You think you have your list on point until you hear tales like Op's and you have to recheck if you are certain you have all covered grin it's tiring biko .

Lol make them no come match you with wahala.

Bible don talk am finish my sister, may God help us.
Re: Frustrated And In Need To Advice by Proserpina: 7:16pm On Oct 20, 2024
Sapasenator:
She is in for a long thing. The pastors will tell her to pray about it and she will continue taking the abuses until she will lose her job and the real abuse will start. The little respect she gets in that marriage is because she has a job and the man sees that as a big threat.

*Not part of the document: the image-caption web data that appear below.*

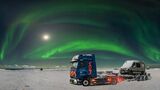 Premiere am Polarkreis: eActros?600 von VEGA besteht eNordkapp Challenge als erster batterieelektrischer Sattelzug

Premiere at the Arctic Circle: VEGA’s eActros?600 conquers the eNordkapp Challenge as the first battery-electric truck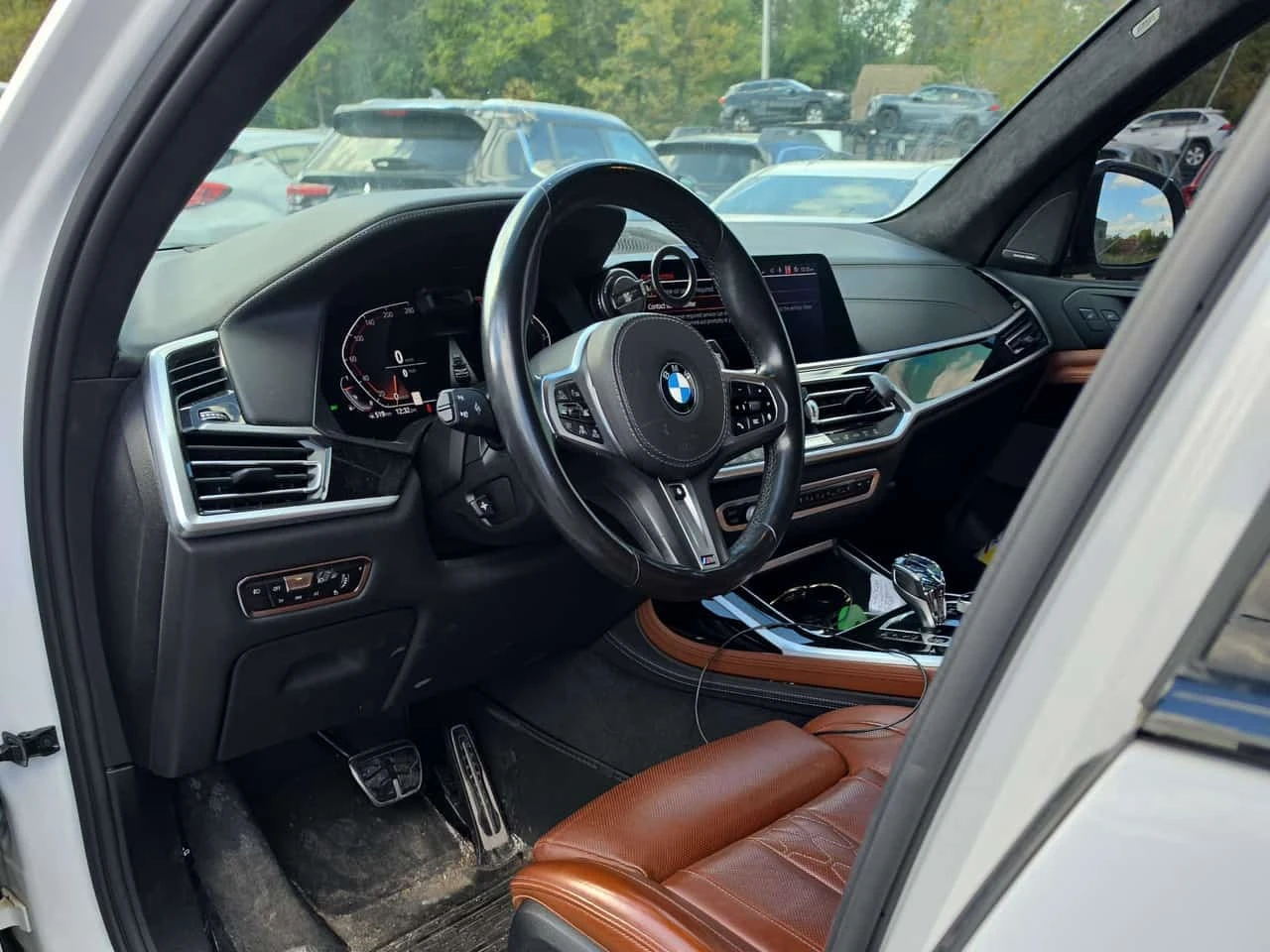 BMW X7 xDrive40i | CARFAX | БЕЗ ИНЦИДЕНТИ , снимка 7 - Автомобили и джипове - 56332675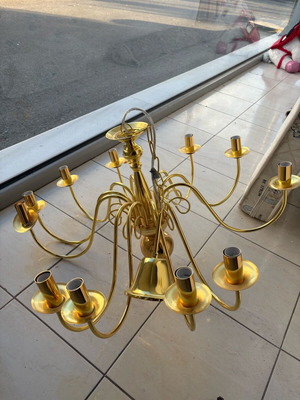 Ceiling light like new with twelve bulbs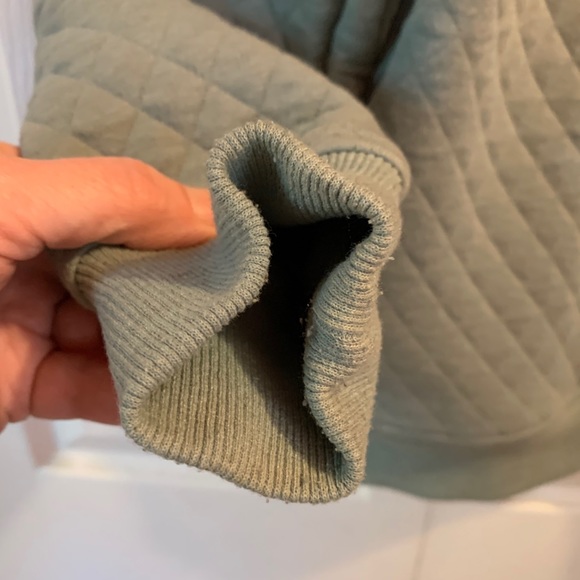 Properly Tied Quilted Pullover - Picture 3 of 9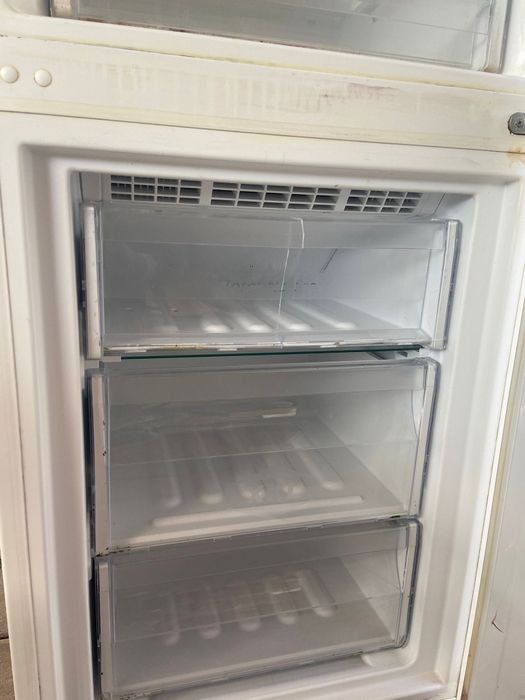 Frigider Whirlpool Combina frigorifica , 315 l, 6th Sense Fres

I have a sister married to a man like that and I despise the guy more than Ebola virus.
You get it!

What do you want them to say? No pastor will plainly tell you to separate from your partner before they are not misquoted and you see members leaving their marriages at the slightest provocations.
Pastors will only subtly let you know the truth but it will be your decision to make.

Men like that are truly viruses. May God help us
Re: Frustrated And In Need To Advice by VTJN(m): 7:38pm On Oct 20, 2024
jify:
I need matured advice. (Long read)

My husband has become like a thorn in my flesh.

When we got married, we were sharing responsibilities and financial contribution like 60:40; I take the bulk because I earn more. The goal was that I would support until it gets to a point where he was earning more to take up more responsibility. I don’t complain about money, if I asks and he says he doesn’t have, I don’t ask again. Over time, I don’t ask, he just uses his initiative to drop whatever he has. Whether its N60k or 90k per 3 months as income increases, I don’t bother.

He gives me issues on money problem, he wants us to save jointly, I refused. The reason for this is because in the course of this marriage journey, we have both really hurt each other. I am not the type that talks too much, but when he gets me angry, I would vomit words that is unpalatable as a result of piled up anger. When he starts with his arguments, most times I go silent. But he starts poking me to talk. In some cases, I tell him that if I open my mouth to talk, he would not like what would come out of it, but then he starts dragging me on the cloth, leg or anywhere he can grab me saying I must say what is on my mind, just so I would respond. Sometimes he starts to insult my parents, siblings, etc.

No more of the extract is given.